Grande, veloz, poderosa y bella, su potente canto sacó a
Gaspar de sus dilemas interiores y le hizo alzar la vista al cielo para admirar
su esplendor y comenzar a comprender.
Las cosas comenzaban a cobrar sentido.
Así como se disipaban las nubes iban diluyéndose las dudas en la cabeza
de Gaspar. El abuelo había vuelto,
estaba mirándolo desde arriba en diestro vuelo, acaso con los mismos ojos
grises que recordaba desde la niñez.
Corrió a buscar la pluma y la recogió del suelo, un poco desaliñada pero
aún bella, y salió nuevamente al exterior.
Alzó la pluma al cielo y gritó con todas sus fuerzas: ¡gracias abuelo!, y el águila regresó
con las alas desplegadas de par en par y otros potentes graznidos que resonaron
en la colina hasta que se perdió de vista a lo lejos.
Gaspar sonrió. Miró el techo de su vivienda; varias tejas
faltaban y muchas de ellas estaban destrozadas en el suelo, pero los maderos
resistieron y la casa seguía en pie a pesar del azote, señal inequívoca de que
no había sido un sueño ni alucinaciones.
Kirth había estado allí.
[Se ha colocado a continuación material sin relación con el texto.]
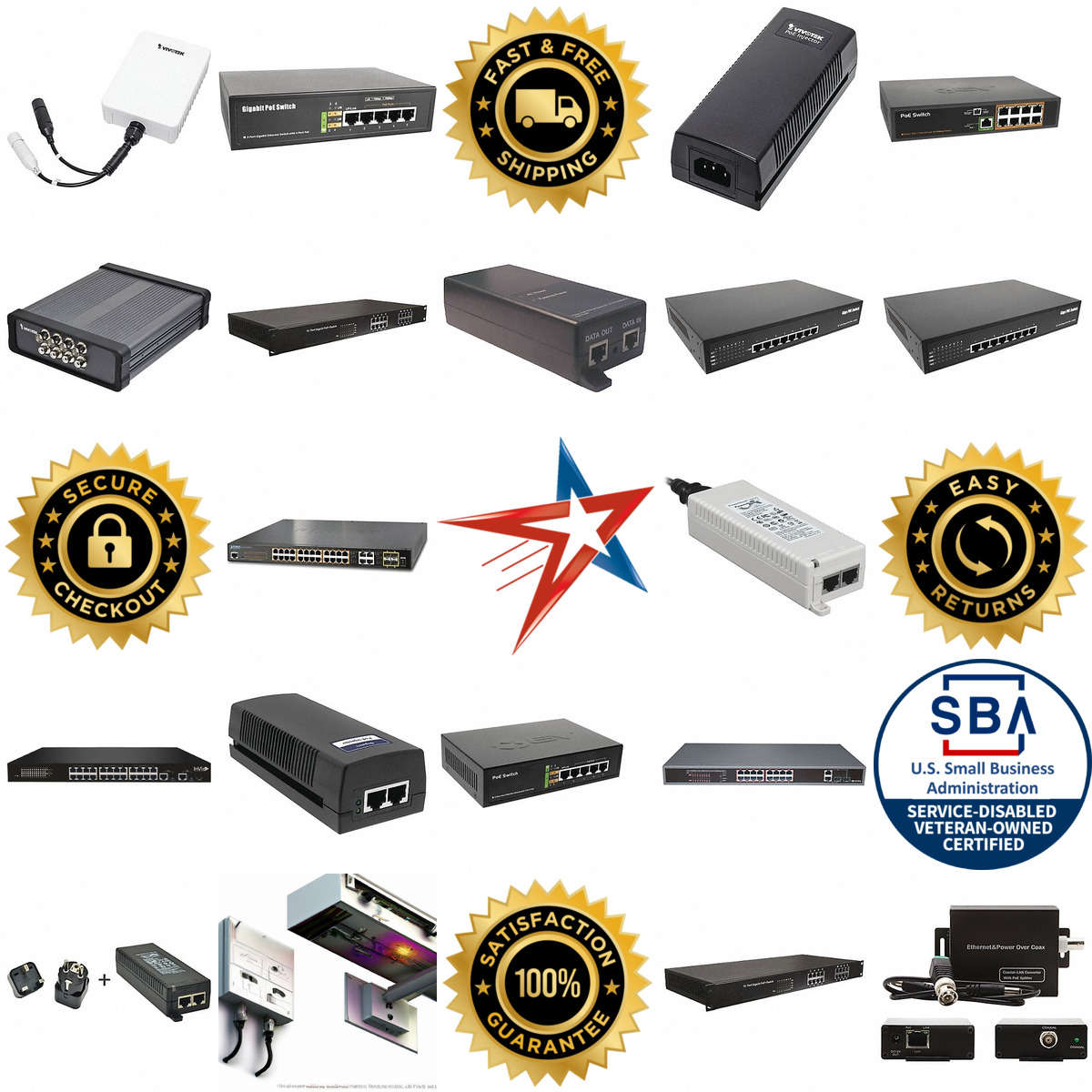 Millions of Products A selection of Video Surveillance Power Over Ethernet Devices products on GoVets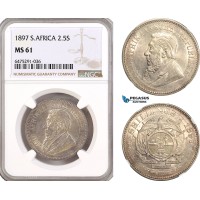 AH140, South Africa (ZAR) 2 1/2 Shillings 1897, Pretoria Mint, Silver, NGC MS61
Y conforme mejoraba el clima del día Gaspar fue
ganando confianza y seguridad, si bien con menos certezas que interrogantes
pero vivo y contento incluso hasta de su nombre extranjero.
Y aunque no estaba muy seguro de cómo
recomenzar las cosas, sintió de repente la necesidad y determinación de hacer
algo urgente e impostergable: desarmar
la sólida puerta de la vivienda que lo había mantenido a salvo de la tempestad
para invertir sus toscas bisagras y hacer que el pétreo rostro de Kirth mire
desde ahora y para siempre hacia afuera, para recordarle al señor de todos los vientos
que la próxima vez que intentara visitar el Ática para arrasarla, tendría primero
que vérselas con un mortal que no dejaría de darle batalla hasta el final, que
no serían suficientes ni el terror ni toda la violencia de los cielos porque completamente
alerta y enfrentando la puerta con el rostro de piedra como escudo estaría
esperándole Gaspar, vencedor de todos sus miedos.
Llamador para puerta repujado y cincelado (convertido aquí en ornamento para un perchero), realizado en cobre bronce y alpaca, inspirado en la leyenda de los dioses del viento griegos y representando a Kirth, el más poderoso de ellos.